The Delaware chemical company reported profits of almost $1 billion in 2018, its best performance since it split from DuPont in 2015. The good times are expected to continue through 2019, the company said.
Its stock price closed at $37.73 on Friday, down 2.5 percent for the day, but still up 30 percent since the new year. Chemours employs about 1,000 people in Delaware at its headquarters and labs. It expects to move into $100 million new labs at the University of Delaware STAR campus in 2020.
The Environmental Protection Agency announced Thursday that it plans to place maximum allowable limits on the presence of perfluorooctanoic acid — which DuPont used in Teflon until a decade ago — in soil and water. The EPA also plans to more rigorously study the health effects of GenX, which replaced PFOA.

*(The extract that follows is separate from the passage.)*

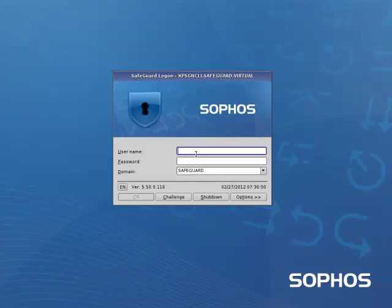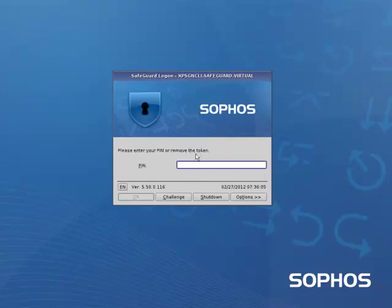I'll quickly pop in our NHS SmartCard. I've populated this SmartCard with a certificate for Safeguard, which would just require your standard SmartCard PIN number to log in. I'll enter the PIN number now, and it's now launching XP.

Following its 2015 split from DuPont, Chemours stock languished as a cloud of 3,550 PFOA lawsuits hung over the company. Litigants in those lawsuits alleged that they suffered harmful health consequences from the release of the chemical into the environment around a West Virginia plant.
In 2017, Chemours and its former parent, DuPont, settled the West Virginia lawsuits for $670 million. Investors viewed the deal positively for the company as it removed the uncertainty from years of potential litigation.
Long-term exposure to PFOA can cause cancer and developmental problems in fetuses or nursing infants and can impact the liver, immune system, thyroid and cholesterol levels, according to the EPA.
The health effects of GenX are less clear, but studies on animals have shown links to liver, pancreatic, testicular and uterine cancers, according to the North Carolina Department of Environmental Quality.
Last year, Chemours spent $35 million to clean up GenX pollution around its Fayetteville, North Carolina, plant. Contamination in the area’s groundwater and in the Cape Fear River had sparked a handful of lawsuits from local jurisdictions and homeowners.
Chemours settled one such lawsuit brought by North Carolina’s environmental agency in November for $13 million.
Now, Chemours will spend another $100 million for equipment at factories in North Carolina and in the Netherlands designed to prevent harmful spills and releases of GenX.
Yet, on Wednesday, the EPA served Chemours with another regulatory action. The federal regulators claimed in a violation notice that it failed to promptly disclose that GenX had contaminated water wells and properties in North Carolina and West Virginia.
Even so, Chemours appears upbeat. While the company is legally liable along with DuPont for past PFOA pollution, Chemours does not use the chemical, a spokesman pointed out.
PFOA does not break down in the environment.
The company is reviewing the EPA’s action plan to determine how it best can contribute to the effort, Chemours spokesman David Rosen said.
Chemours also has claimed that it will reduce emissions of GenX by 99 percent or greater.